WM : Tout d’abord, puisqu’il s’agit ici d’une conversation, j’aimerais vous demander ce que vous pensez du principe. Beaucoup de vos livres, surtout au début de votre carrière (je pense par exemple à La Déclaration, à La Vie commune, à La Puissance des mouches, à La Compagnie des spectres) sont monologiques. Dans La Conférence de Cintegabelle, livre strictement monologique, le conférencier prône les vertus de la conversation— et cependant il fait tout pour tuer dans l’oeuf toute possibilité de dialogue. Comment voyez-vous la chose ?

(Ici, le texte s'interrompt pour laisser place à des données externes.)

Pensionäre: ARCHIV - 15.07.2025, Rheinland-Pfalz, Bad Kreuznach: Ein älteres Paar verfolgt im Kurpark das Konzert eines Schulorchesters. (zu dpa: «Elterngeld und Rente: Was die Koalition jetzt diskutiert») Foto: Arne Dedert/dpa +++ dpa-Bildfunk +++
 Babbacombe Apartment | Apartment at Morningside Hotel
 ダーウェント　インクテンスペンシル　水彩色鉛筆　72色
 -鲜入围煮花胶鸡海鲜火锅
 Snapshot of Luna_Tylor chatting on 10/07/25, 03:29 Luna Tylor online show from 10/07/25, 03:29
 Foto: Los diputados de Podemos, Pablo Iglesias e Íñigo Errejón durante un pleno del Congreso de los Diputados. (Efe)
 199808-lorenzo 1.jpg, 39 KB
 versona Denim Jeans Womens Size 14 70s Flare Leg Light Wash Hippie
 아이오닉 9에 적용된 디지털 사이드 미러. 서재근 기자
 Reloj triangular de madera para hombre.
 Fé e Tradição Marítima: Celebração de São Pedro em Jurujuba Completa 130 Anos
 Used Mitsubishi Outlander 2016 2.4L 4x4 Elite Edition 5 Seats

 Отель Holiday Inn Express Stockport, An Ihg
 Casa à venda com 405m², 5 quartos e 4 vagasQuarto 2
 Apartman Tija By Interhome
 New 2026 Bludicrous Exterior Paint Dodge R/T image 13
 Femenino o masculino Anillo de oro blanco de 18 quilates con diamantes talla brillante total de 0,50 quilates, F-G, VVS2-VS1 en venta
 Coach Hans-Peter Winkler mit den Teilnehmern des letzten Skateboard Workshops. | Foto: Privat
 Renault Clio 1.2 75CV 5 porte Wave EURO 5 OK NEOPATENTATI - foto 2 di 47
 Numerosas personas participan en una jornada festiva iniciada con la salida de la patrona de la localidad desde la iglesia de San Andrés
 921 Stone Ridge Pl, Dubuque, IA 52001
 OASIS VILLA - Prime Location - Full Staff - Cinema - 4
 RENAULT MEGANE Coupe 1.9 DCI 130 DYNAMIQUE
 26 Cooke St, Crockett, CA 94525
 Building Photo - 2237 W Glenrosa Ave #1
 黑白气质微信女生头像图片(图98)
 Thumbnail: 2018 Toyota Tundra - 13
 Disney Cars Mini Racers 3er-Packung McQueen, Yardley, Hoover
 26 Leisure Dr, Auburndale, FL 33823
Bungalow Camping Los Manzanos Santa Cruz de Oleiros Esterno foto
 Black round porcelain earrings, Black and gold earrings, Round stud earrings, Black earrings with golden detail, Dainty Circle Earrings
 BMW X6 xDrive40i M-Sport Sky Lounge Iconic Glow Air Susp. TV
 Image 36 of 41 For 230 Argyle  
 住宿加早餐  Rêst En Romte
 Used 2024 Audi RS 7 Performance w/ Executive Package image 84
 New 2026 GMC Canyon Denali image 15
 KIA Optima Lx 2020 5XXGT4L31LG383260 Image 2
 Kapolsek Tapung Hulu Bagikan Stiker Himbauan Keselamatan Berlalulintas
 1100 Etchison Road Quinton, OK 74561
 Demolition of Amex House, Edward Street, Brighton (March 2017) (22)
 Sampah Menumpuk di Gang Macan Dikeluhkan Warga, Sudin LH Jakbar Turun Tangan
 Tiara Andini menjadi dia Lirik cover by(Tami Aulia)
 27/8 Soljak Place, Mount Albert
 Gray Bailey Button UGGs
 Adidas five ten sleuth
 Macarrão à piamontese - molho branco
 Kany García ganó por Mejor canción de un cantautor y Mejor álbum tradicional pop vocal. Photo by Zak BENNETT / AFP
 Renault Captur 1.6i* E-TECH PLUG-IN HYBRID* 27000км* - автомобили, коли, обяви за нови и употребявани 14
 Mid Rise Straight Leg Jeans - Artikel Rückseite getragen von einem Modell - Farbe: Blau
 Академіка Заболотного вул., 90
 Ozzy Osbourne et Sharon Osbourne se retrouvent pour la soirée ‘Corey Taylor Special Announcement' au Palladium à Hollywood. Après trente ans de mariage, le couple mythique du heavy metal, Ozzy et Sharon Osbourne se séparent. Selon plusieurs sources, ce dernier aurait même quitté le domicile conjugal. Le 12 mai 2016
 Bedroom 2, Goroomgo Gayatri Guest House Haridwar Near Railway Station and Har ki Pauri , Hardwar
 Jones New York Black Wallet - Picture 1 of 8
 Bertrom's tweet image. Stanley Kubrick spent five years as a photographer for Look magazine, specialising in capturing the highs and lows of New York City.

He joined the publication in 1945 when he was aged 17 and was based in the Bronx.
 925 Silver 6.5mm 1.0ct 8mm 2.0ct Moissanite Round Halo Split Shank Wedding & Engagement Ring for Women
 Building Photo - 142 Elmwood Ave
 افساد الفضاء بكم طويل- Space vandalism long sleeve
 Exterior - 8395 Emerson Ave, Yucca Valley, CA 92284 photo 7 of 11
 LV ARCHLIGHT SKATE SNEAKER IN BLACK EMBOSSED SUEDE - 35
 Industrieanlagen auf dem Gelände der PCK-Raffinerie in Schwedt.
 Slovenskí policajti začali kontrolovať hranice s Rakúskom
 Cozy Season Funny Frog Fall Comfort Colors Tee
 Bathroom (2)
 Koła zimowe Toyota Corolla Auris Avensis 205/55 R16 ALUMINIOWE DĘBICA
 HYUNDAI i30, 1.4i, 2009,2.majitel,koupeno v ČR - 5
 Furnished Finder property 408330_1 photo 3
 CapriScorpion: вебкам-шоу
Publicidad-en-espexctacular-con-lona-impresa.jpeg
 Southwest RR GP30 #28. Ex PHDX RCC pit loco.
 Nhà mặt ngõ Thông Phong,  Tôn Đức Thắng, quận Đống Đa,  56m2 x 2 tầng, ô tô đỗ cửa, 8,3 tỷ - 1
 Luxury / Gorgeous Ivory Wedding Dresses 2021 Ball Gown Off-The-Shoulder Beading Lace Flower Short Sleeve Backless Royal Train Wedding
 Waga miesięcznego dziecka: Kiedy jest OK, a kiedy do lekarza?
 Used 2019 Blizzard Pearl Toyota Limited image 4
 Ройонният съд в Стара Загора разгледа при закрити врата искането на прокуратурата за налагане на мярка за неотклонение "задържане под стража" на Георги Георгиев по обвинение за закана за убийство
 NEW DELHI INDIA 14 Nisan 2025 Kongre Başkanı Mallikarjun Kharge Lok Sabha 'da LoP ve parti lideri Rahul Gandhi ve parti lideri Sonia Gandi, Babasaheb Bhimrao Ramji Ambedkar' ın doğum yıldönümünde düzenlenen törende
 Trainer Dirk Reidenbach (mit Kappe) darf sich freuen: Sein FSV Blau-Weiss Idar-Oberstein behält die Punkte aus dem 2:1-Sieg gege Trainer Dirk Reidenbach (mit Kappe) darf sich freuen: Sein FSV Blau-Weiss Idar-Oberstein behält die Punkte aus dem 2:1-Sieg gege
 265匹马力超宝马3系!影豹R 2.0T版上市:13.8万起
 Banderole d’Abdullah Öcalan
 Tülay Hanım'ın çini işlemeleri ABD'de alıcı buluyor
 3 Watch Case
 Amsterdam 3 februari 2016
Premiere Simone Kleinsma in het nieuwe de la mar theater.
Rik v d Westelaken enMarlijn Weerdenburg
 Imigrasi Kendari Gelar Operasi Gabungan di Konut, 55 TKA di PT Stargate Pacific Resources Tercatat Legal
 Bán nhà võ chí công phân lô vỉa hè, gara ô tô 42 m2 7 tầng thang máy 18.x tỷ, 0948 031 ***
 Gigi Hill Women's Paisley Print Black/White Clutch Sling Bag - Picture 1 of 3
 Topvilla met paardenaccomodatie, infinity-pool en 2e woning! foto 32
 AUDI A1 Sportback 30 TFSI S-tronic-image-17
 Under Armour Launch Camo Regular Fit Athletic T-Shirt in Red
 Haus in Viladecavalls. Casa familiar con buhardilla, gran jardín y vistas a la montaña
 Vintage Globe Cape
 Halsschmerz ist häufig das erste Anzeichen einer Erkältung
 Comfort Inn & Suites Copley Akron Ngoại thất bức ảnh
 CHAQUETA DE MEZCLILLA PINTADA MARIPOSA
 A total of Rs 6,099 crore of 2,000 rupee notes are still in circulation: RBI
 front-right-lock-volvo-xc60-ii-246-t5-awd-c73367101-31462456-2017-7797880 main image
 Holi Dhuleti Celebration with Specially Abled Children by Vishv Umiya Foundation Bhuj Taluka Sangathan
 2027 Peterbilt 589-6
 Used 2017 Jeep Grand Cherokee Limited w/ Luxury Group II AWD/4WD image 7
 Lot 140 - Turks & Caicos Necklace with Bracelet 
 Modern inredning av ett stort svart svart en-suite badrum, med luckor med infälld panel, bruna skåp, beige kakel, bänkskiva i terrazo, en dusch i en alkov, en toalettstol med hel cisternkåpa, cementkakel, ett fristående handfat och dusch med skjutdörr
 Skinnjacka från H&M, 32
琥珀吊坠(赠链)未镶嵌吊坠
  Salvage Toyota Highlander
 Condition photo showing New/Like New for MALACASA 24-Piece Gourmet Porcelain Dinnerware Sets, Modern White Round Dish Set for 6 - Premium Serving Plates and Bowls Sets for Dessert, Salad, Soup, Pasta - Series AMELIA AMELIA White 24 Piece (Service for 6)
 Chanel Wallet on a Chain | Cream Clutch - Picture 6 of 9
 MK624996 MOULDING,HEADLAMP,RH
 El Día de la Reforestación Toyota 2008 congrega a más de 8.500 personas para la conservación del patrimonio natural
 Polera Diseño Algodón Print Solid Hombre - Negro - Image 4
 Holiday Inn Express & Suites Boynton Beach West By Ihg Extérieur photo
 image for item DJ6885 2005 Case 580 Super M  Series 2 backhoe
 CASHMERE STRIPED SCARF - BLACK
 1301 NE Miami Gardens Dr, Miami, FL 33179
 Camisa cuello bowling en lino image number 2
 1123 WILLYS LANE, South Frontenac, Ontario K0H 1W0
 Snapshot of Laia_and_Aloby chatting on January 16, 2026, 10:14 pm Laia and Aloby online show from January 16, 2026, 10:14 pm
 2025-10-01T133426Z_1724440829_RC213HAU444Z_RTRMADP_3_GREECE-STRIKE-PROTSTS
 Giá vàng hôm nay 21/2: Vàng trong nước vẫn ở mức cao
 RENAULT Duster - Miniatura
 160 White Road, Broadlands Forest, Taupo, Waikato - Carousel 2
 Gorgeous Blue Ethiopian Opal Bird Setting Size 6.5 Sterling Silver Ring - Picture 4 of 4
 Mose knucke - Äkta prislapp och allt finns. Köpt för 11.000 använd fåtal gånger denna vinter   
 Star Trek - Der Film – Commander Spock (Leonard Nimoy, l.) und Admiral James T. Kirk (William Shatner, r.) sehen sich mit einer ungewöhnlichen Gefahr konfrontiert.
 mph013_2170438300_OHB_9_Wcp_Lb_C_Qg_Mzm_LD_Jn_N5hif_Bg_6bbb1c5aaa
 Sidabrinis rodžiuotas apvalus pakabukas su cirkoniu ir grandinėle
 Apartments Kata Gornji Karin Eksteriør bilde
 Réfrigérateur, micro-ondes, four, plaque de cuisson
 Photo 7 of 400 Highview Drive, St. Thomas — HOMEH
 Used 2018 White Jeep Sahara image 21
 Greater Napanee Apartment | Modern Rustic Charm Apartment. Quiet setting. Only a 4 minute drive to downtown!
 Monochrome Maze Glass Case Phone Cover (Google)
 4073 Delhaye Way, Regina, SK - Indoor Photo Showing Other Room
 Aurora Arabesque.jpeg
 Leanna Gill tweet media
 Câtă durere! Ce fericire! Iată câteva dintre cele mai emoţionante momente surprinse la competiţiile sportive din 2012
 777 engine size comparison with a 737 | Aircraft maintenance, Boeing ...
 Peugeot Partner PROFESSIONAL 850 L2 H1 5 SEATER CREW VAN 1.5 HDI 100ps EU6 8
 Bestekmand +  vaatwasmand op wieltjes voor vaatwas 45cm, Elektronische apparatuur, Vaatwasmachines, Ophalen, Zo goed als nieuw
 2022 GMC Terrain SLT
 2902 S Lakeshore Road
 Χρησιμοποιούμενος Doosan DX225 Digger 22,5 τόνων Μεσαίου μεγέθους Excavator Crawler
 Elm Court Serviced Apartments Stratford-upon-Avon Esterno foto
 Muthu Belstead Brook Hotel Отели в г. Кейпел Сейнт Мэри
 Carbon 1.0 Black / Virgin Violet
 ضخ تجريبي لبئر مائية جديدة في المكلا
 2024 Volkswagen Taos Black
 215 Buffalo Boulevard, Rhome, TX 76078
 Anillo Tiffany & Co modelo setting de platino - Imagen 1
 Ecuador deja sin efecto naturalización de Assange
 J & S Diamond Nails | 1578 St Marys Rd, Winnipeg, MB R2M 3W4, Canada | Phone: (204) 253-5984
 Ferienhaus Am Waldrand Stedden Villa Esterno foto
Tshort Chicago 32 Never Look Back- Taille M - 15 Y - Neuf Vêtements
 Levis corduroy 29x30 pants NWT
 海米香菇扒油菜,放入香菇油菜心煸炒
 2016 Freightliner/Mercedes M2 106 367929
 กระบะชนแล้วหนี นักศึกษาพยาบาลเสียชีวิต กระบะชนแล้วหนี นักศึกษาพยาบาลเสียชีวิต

LS : Aussi loin que remontent mes souvenirs, j’ai toujours eu des difficultés à prendre la parole. Comme vous le savez, mes parents qui étaient arrivés en France en 1939 pour fuir le franquisme parlaient une langue mixte et transpyrénéenne où le français était régulièrement piétiné, bousculé, estropié, bref mis à très rude épreuve. Le problème c’est que je reproduisais, enfant, leurs fantaisies et écarts langagiers, et que j’éprouvais une honte affreuse chaque fois que j’étais prise en défaut de mal dire. Ce n’est que plus tard, bien plus tard, que j’ai trouvé à ce mal dire transmis par mes parents, une puissance poétique, une drôlerie, une forme d’impertinence et une façon joyeuse de résister à la langue majoritaire dont j’ai tenté de rendre compte dans mon roman Pas pleurer.